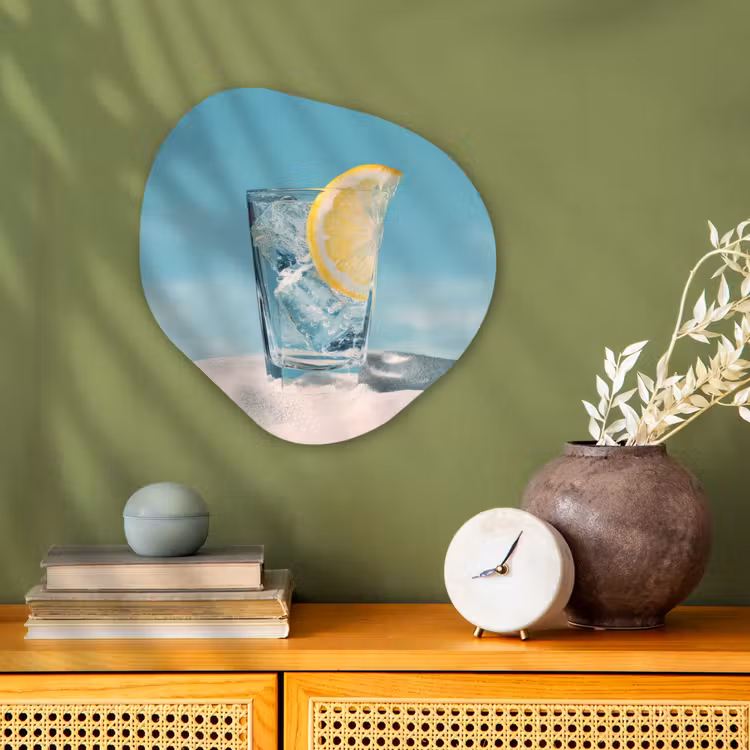 Organisch schilderij - Forex - Glas - ijsblokjes - Citroen — 2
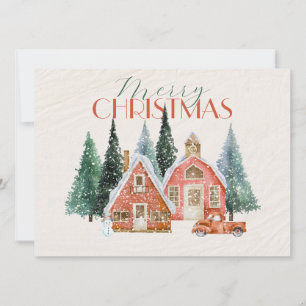 Vintage winter wonderland christmas holiday card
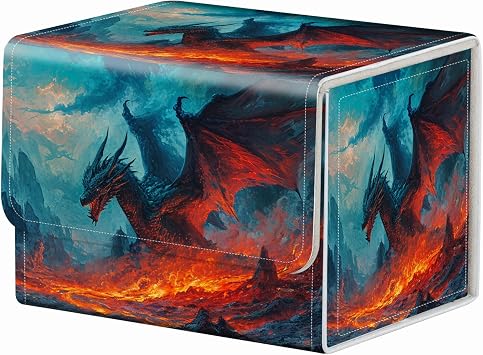 Strong Magnet MTG Demon Deck Box Playing Card Case Magic The Gathering Commander Deck Box Creative Pattern Trading Card Storage Box for Collectible Games, Dragon Flies Against The Fire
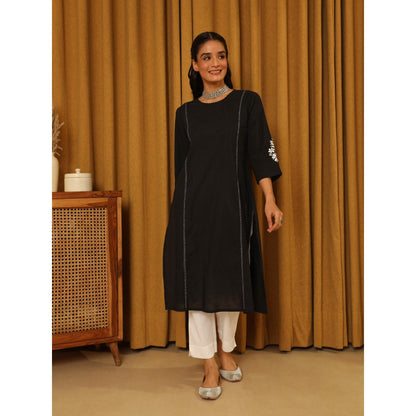 House of Chikankari Black Cotton Kantha Hand Embroidered Solid Women's Long Kurta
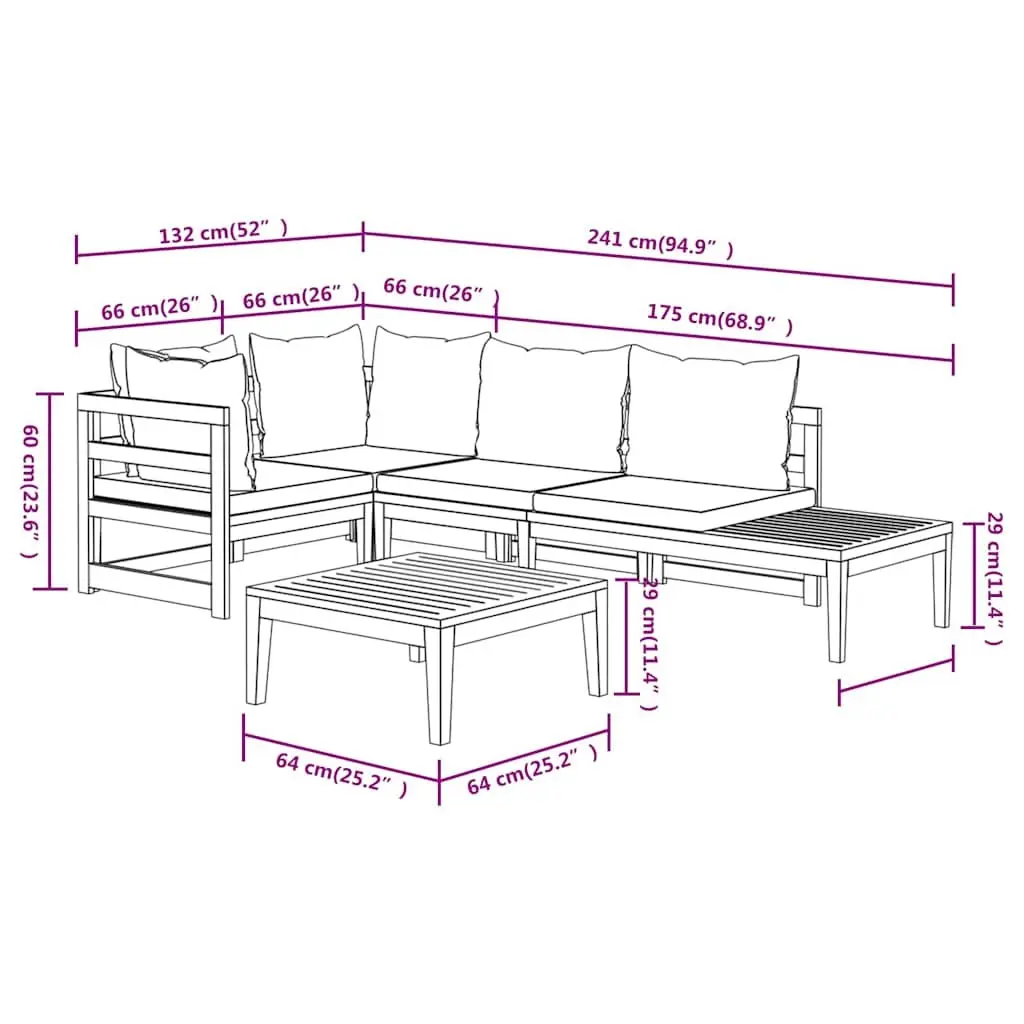 4 Piece Garden Lounge Set Wooden Patio Sofa Furniture with Cushions Cream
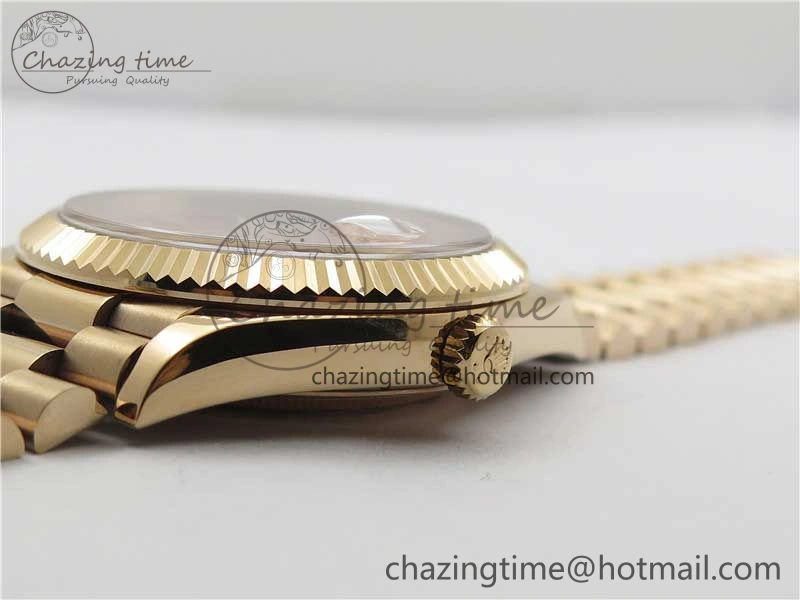 Day-Date 40mm 228239 BP New Dial Version 904 RG Textured Stick Markers Dial on RG President Bracelet A2836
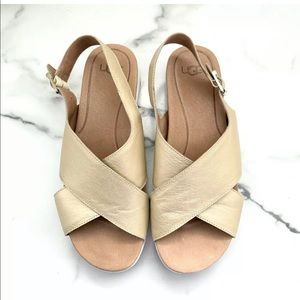 Ugg Kamile Gold Metallic Flat Sandal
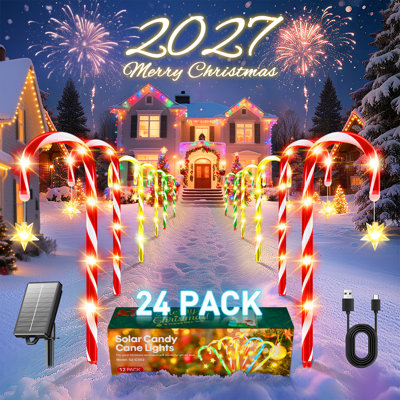 Guirlande lumineuse solaire multicolore en forme de canne à sucre, étanche, à DEL, avec 10 modes d'éclairage pour allée, terrasse et jardin. Décoration de Noël.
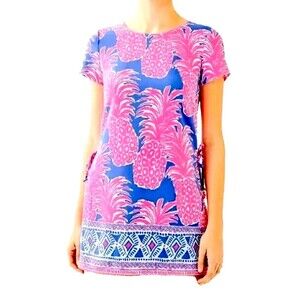 Lilly Pulitzer Blanca Romper blue haven l'll flamenco pineapple Sz 00 ***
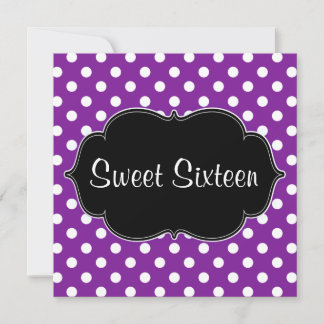 Lila Polka Dot Sweet 16 Geburtstagsparty Einladung
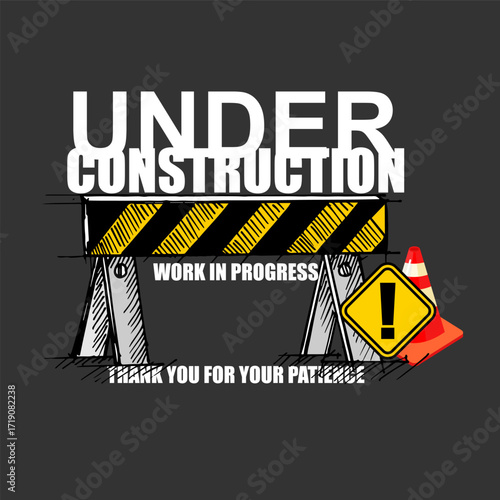 Under construction, background and board vector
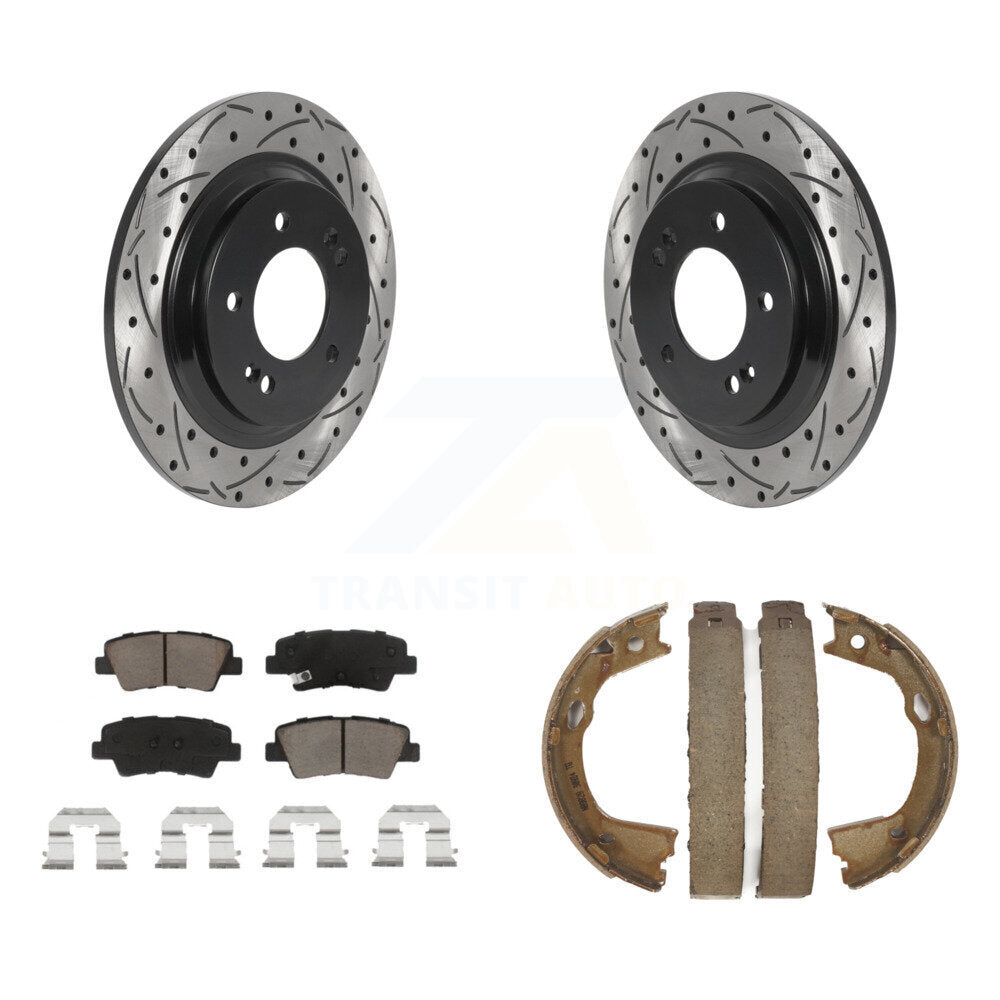 Rear Disc Drilled & Slotted Rotors Ceramic Pads Parking Brake Shoes Kit For Kia Optima KDC-101473
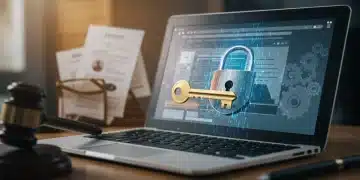 Secure e-commerce platform with digital lock and legal documents, representing INFORM Consumers Act compliance.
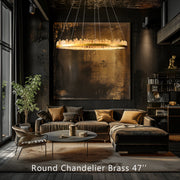 36 Inch Round Modern Chandelier Brass & Clear Geode Quartz Crystal Hanging Light-DWHOME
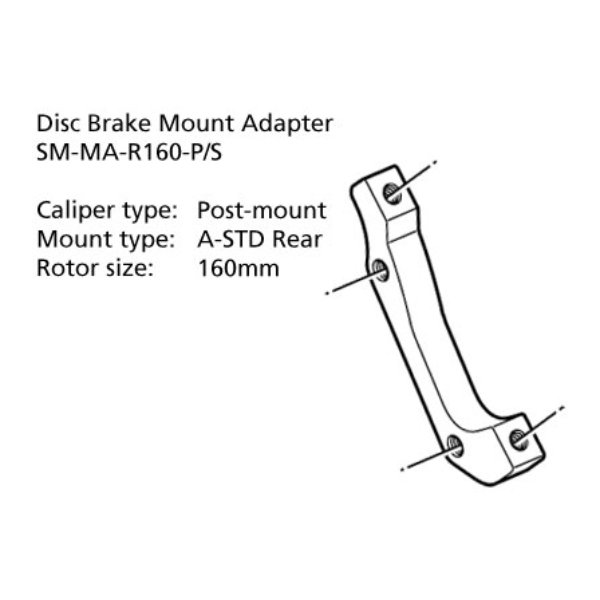 SM-MA-R160-PS ADAPTER 160mm CALIPER: POST MOUNT: A-STD REAR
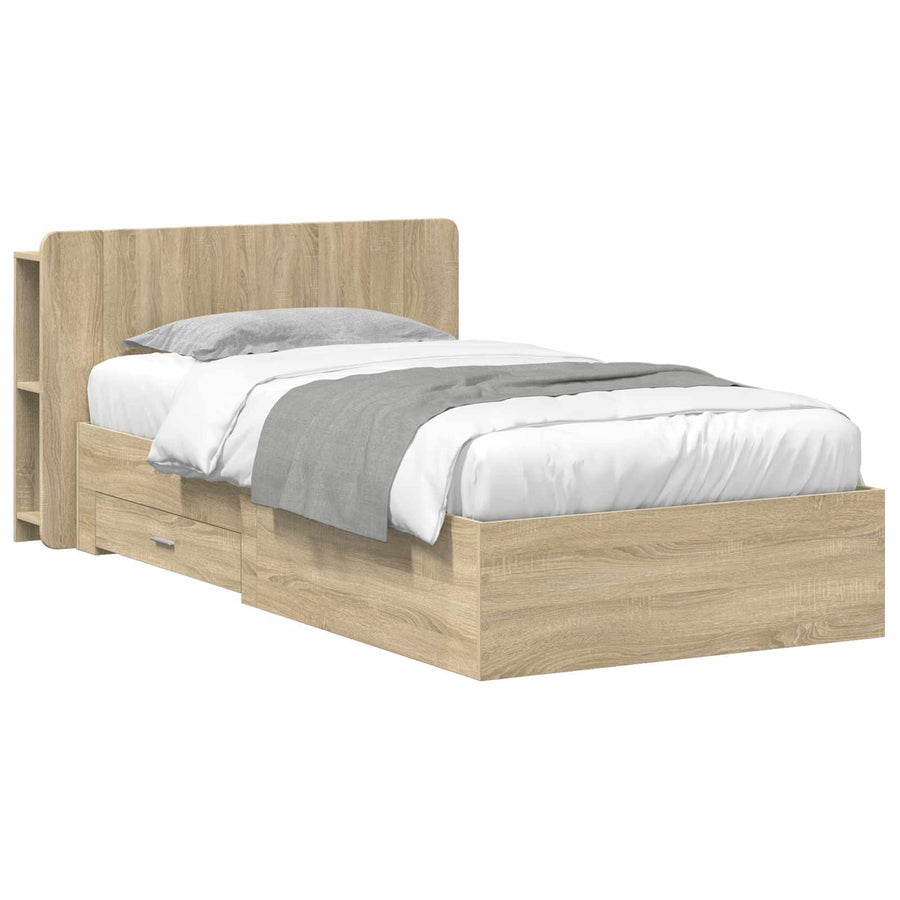 Bedframe met opslag Sonoma Eiken 100 x 200 cm Bewerkt hout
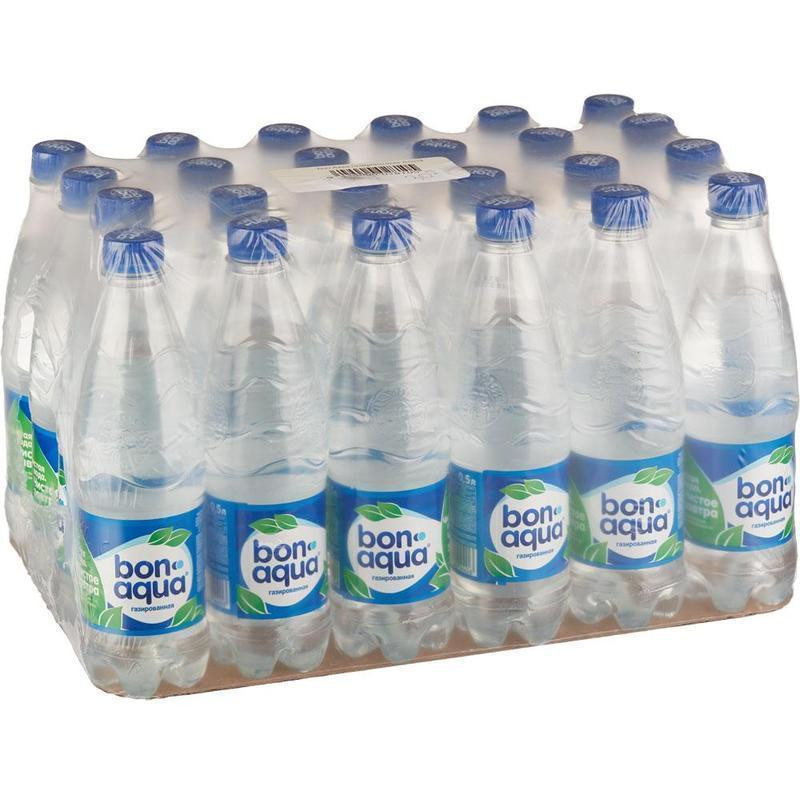 Вода питьевая газированная Bon Aqua (ПЭТ, 0,5л, 24шт/уп)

Task brief. Pictures are to be omitted. Output verbatim only the lines from the one holding "SM-MA-R160-PS ADAPTER 160mm" through the end of the material, both included.

Answer to this task.
 SM-MA-R160-PS ADAPTER 160mm CALIPER: POST MOUNT: A-STD REAR
 Bedframe met opslag Sonoma Eiken 100 x 200 cm Bewerkt hout
 Вода питьевая газированная Bon Aqua (ПЭТ, 0,5л, 24шт/уп)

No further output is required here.